The rally has come as a relief to investors, but the stock is still far from eradicating its status as a broken IPO. Even after the recent surge, shares of the gourmet meal-kit provider find themselves trading 61.6% lower than the June IPO price of $10. Last week's upticks are welcome, but Blue Apron remains in Wall Street's dog house.

Image source: Blue Apron.
Missing ingredients
Ross Sandler at Barclays kicked off last week's surge by upgrading Blue Apron from "underweight" to "equal weight." He lifted his price target from $3 to $4, a goal that the stock hit hours after the analyst move -- though it would close below that mark.

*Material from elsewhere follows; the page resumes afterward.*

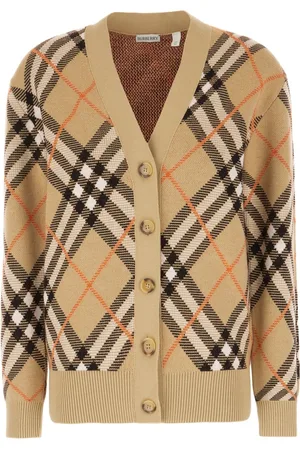 Burberry Embroidered stretch wool blend oversize cardigan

Blue Apron's decision to replace Salzberg at the helm with CFO Brad Dickerson may seem like a non-event. Going with an insider has all of the appearances of a safe move at a time when the model can use some shaking up with sales expected to decline during the current quarter. However, Sandler is impressed by Dickerson's operational experience. Blue Apron's outgoing CEO also made comments of improving margins since a new food distribution facility opened.
An outsider tapped as CEO would've been a glitzier market move. But making Dickerson a temporary CEO instead of Salzberg's replacement could've triggered buyout speculation. This doesn't mean Dickerson isn't the right call or that the acquisition chatter won't happen. Blue Apron's in a funk, and the low stock price does open up the possibility of a sale of the company.
Sandler's upgrade doesn't mean optimism is percolating on Wall Street. RBC Capital's Mark Mahaney responded by downgrading the stock, though to be fair, lowering his price target from $6 to $4 matches where his peer at Barclays perched himself. Salzberg's stepping down can be seen as an admission that a turnaround is far away, and even Sandler's upgrade concedes that competition is intensifying.
Blue Apron has been a disappointment in less than six months of being publicly traded. It followed up a rough second quarter with a brutal third quarter, and its guidance suggests that the fourth quarter will be even worse. The model may need more than a new CEO or a distribution center to turn things around, but battered investors finally caught a break last week.